A K-NN Transformer with Pyramid Prompts is proposed to select discriminative information with K-NN Context Attention and adaptively modulate visual features with Pyramid Cross-modal Prompts (PCP), allowing the ViT to dynamically adjust the importance weights of visual features based on rich semantic information at different scales, making models robust to spatial variations.

Abstract

Few-Shot Learning (FSL) aims to recognize new classes with limited labeled data. Recent studies have attempted to address the challenge of rare samples with textual prompts to modulate visual features. However, they usually struggle to capture complex semantic relationships between textual and visual features. Moreover, vanilla self-attention is heavily affected by useless information in images, severely constraining the potential of semantic priors in FSL due to the confusion of numerous irrelevant tokens during interaction.

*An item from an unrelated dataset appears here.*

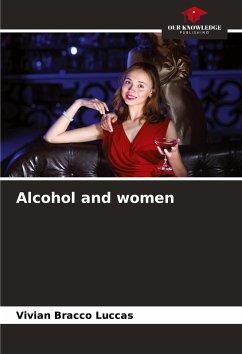 Alcohol and women - Bracco Luccas, Vivian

To address these aforementioned issues, a K-NN Transformer with Pyramid Prompts (KTPP) is proposed to select discriminative information with K-NN Context Attention (KCA) and adaptively modulate visual features with Pyramid Cross-modal Prompts (PCP). First, for each token, the KCA only selects the K most relevant tokens to compute the self-attention matrix and incorporates the mean of all tokens as the context prompt to provide the global context in three cascaded stages. As a result, irrelevant tokens can be progressively suppressed. Secondly, pyramid prompts are introduced in the PCP to emphasize visual features via interactions between text-based class-aware prompts and multi-scale visual features. This allows the ViT to dynamically adjust the importance weights of visual features based on rich semantic information at different scales, making models robust to spatial variations. Finally, augmented visual features and class-aware prompts are interacted via the KCA to extract class-specific features. Consequently, our model further enhances noise-free visual representations via deep cross-modal interactions, extracting generalized visual representation in scenarios with few labeled samples. Extensive experiments on four benchmark datasets demonstrate the effectiveness of our method.

Figures (5)

• Figure 1: The image annotated as "dog" contains abundant spurious information such as people, walls, etc. Moreover, the scale variations present across different images, thus limiting the performance of ViTs in FSL. Our KTPP achieves coarse-to-fine filtration of noise, adaptation to spatial variations, and prompts-guided class-specific visual extraction.
• Figure 2: The framework of our proposed KTPP. Image patches are sequentially fed into three cascaded stages where KCA filters out irrelevant tokens and linear projection extracts multi-scale support features $Z_v^S$. Text-based class-aware prompts $Z_t^{cp}$ are exploited via the CLIP. Pyramid prompts $Z_t^{pp}$ are obtained to enhance support features via the PCP between $Z_t^{cp}$ and $Z_v^S$. The enhanced support features and $Z_t^{cp}$ are interacted via the KCA to extract class-specific support features.
• Figure 3: Illustration of K-NN Context Attention (KCA). For each query, the $k$ highest scorers from the N query-key pairs are selected for computing attention weights, and the rest are set to negative infinity. The context prompt is the mean of all tokens weighted by the KCA.
• Figure 4: Illustration of cross-modal enhancement module in the PCP. Class-aware prompts $Z_t^{cp}$ provide queries $Q$, dynamically adjusting the importance weights of visual features.
• Figure 5: T-SNE visualization results on novel classes from three benchmark datasets. ViT with KTPP performs better compared to ViT with baseline.